Every year I demo the Black Pearls in various widths and lengths and I’m with you! They never speak to me! But I have a friend who loves Blizzard skis more than anything so I try once a year to say I tried and to be supportive! :wink: And yet they are consistently one of the most popular women’s skis. Reinforcing the fact that each ski is personal to each skier!
 

Auri_616

Diva in Training
Well I went ahead and ordered the Liberty V76W's. Thank you all very much for the advice and suggestions! I'm sure the seasonal rental would have been a good idea, but I just didn't want to spend money on a rental without knowing how many days I'd get on them or if I'd have a chance to demo this winter anyway. I can always resell the Liberty's if they really don't work for me, I suppose!
 

ilovepugs

Angel Diva
Well I went ahead and ordered the Liberty V76W's.
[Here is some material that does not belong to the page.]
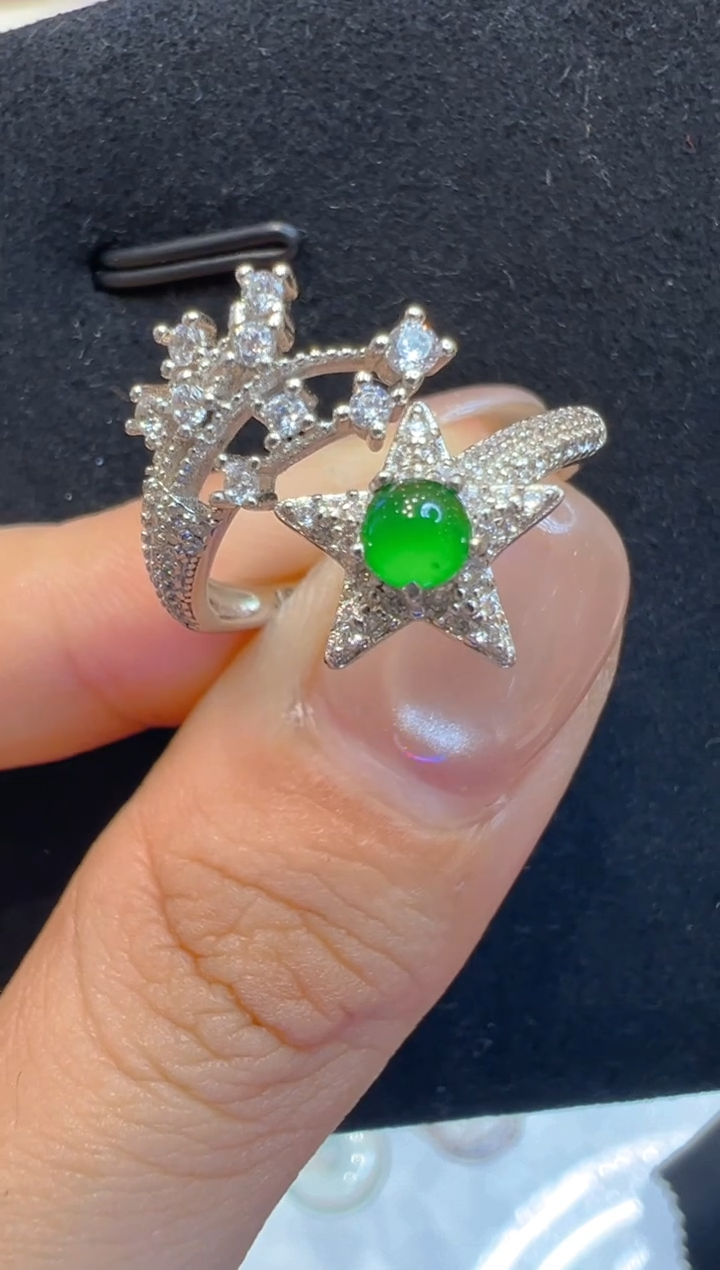 银S925镶嵌戒指翡翠多样性团购发一件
Thank you all very much for the advice and suggestions! I'm sure the seasonal rental would have been a good idea, but I just didn't want to spend money on a rental without knowing how many days I'd get on them or if I'd have a chance to demo this winter anyway. I can always resell the Liberty's if they really don't work for me, I suppose!
I just ordered those as well for progressing on my carving :smile:
 

newboots

Angel Diva
Did I mention this earlier in the thread? The first day I skied some old Dynastar Glorys (67 underfoot with a layer or two of steel!), I learned to carve. Not that I'm an expert, at all, but those skinny, stiff skis were wonderful.
 

nopoleskier

Angel Diva
Nice, I hope you like them too!!

I hope you enjoy them, I had mine out yesterday they are so easy to make short turns to avoid the icy spots and no bucking when they went in the piles! Can't wait to hear your report! Happy Skiing!
 

lakeviewpowder

Certified Ski Diva
Reviving an older post, as I am looking to add the Liberty V76W to my quiver as a dedicated front side carver.

I am 5'4 / 165 / advanced-expert / non-racing background. For the last couple of decades I mostly skied off-piste, but more days than not it's groomers on tap. My narrowest ski is a Nordica Enforcer (93mm, 169cm) and it's been a struggle to perfect consistent, clean carving turns.

I am looking at a 165cm length and I am wondering if I need to go shorter?

I am also struggling to find a suitable binding for the flat ski? Most bindings I see have breaks wider than 85mm and/or they are for lightweight, intermediate skiers. For those that have the Liberty V76W, what binding have you mounted? @nopoleskier, @ilovepugs, @Auri_616 Cheers!